Closed
Description
#[feature(asm)];
#[inline(never)]
unsafe fn print_first_half(arr: [u8, ..16]) {
let mut out: u64;
asm!("movups $1, %xmm0
pextrq $$0, %xmm0, $0"
: "=r"(out) : "m"(arr) : "xmm0");
println!("{:?}", out);
}
fn main() {
let arr: [u8, ..16] = [0, ..16];
unsafe { print_first_half(arr); }
}
$ rustc -v
rustc 0.10-pre (68a4f7d 2014-02-24 12:42:02 -0800)
host: x86_64-unknown-linux-gnu
$ rustc -O foo.rs && ./foo
140489369304528u64
This should be 0u64
; try replacing the movups
with xorps %xmm0, %xmm0
. Here's the generated code:
$ objdump -d foo
…
4069f9: 48 8b 07 mov (%rdi),%rax
4069fc: 48 8b 4f 08 mov 0x8(%rdi),%rcx
406a00: 48 89 4c 24 48 mov %rcx,0x48(%rsp)
406a05: 48 89 44 24 40 mov %rax,0x40(%rsp)
406a0a: 48 8d 44 24 40 lea 0x40(%rsp),%rax
406a0f: 48 89 44 24 08 mov %rax,0x8(%rsp)

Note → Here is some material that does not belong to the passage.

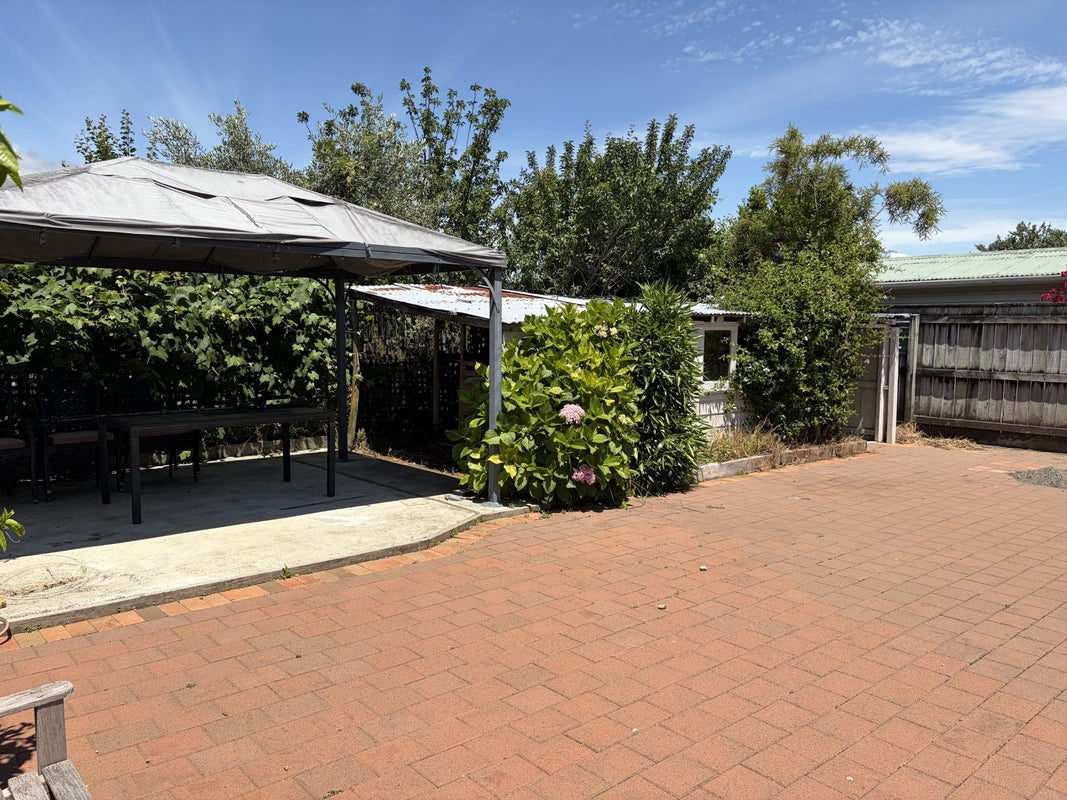 90 Grove Street, The Wood, Nelson - Carousel 2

406a14: 0f 10 44 24 08 movups 0x8(%rsp),%xmm0
406a19: 66 48 0f 3a 16 c0 00 pextrq $0x0,%xmm0,%rax
…
So it copies the array to 0x40(%rsp)
(in two 64-bit pieces), then puts that address at 0x8(%rsp)
, and movups
loads 16 bytes from there rather than from the array itself.
In GCC, I would do
void f(char *arr) {
asm("movups %0, %%xmm0" :: "m"(*arr));
}
which gcc -O3
turns into the optimal
0: 0f 10 07 movups (%rdi),%xmm0
Attempting to do the same in Rust
asm!("movups $0, %xmm0" :: "m"(*(arr.as_ptr())) : "xmm0");
produces even wronger code
4069f9: 8a 07 mov (%rdi),%al
4069fb: 88 04 24 mov %al,(%rsp)
4069fe: 0f 10 04 24 movups (%rsp),%xmm0
Workarounds:
-
When the array is a static with a name, just name it within the
asm!
. See pub static disappears if only used from asm #13365.
asm!("movups ($0), %xmm0" : : "r"(arr.as_ptr()) : "xmm0");
which generates optimal code in this case, because the array is already pointed to by %rdi
, but in general may clobber a register and emit a load when neither is necessary.